We will denote our guess for the left-hand side of the inequality by $$y$$. We will show that only $$\lfloor \frac{x_i}{y} \rfloor$$ and $$\lfloor \frac{x_i}{y} \rfloor - 1$$ may be valid values of $$k$$. It will be easy to check each of these using our condition and add them to our set if they are indeed valid.

So we want to show that only $$k = \lfloor \frac{x_i}{y} \rfloor$$ and $$k = \lfloor \frac{x_i}{y} \rfloor - 1$$ may satisfy both $$\lfloor \frac{x_i}{k} \rfloor = y$$ and $$x_i \bmod k \leq y$$. We will show at least one condition must fail whenever $$k > \lfloor \frac{x_i}{y} \rfloor$$ or $$k < \lfloor \frac{x_i}{y} \rfloor - 1$$.

First, we handle the $$k > \lfloor \frac{x_i}{y} \rfloor$$ case. In this case, the first condition ($$\lfloor \frac{x_i}{k} \rfloor = y$$) cannot hold; in fact, $$\lfloor \frac{x_i}{k} \rfloor < y$$. It is enough to note that $$k > \frac{x_i}{y}$$ whenever $$k > \lfloor \frac{x_i}{y} \rfloor$$, since $$k$$ is an integer. Then

$\left\lfloor \frac{x_i}{k} \right\rfloor \leq \frac{x_i}{k} < \frac{x_i}{x_i/y} = y.$

The $$k < \lfloor \frac{x_i}{y} \rfloor - 1$$ case is more subtle. Without loss of generality, assume the first condition holds (if not, then we are done). We will prove that $$x_i \bmod k > y$$. To do so, we again invoke the division algorithm. For convenience, let $$m = \lfloor \frac{x_i}{y} \rfloor - k$$.

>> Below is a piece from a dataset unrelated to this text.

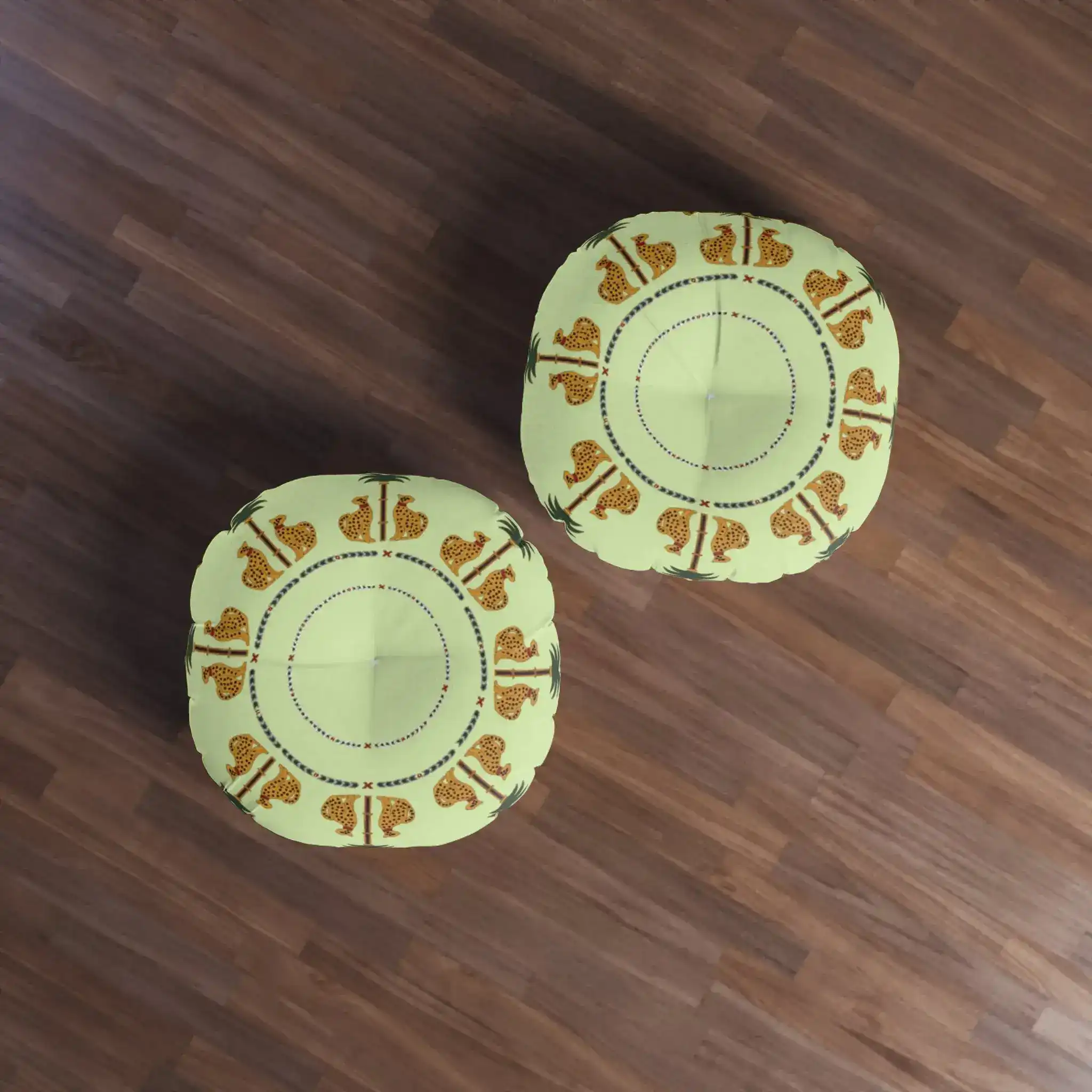 Savanna Serenade Tufted Round Floor Pillow - Image 4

\begin{align} x_i &= qk + r & (0 \leq r < k) \\ &= yk + r \\ &= y\left(\left\lfloor \frac{x_i}{y} \right\rfloor - m\right) + r \end{align}

But since $$y \lfloor \frac{x_i}{y} \rfloor \leq x_i$$, rearranging gives $$r \geq my > y$$, as desired.

This completes the proof that there are never more than $$3\sqrt{x_i}$$ (in practice, there are usually close to $$2\sqrt{x_i}$$) valid values of $$k$$, and so we can start by testing all of these for $$x_1$$, adding valid ones to a set, and then iterating over the other $$x_i$$ and removing invalid ones. At the end, we can choose the largest element of our set (the set can never be empty because $$k = 1$$ is always valid) and calculate the corresponding minimum number of sets as described above.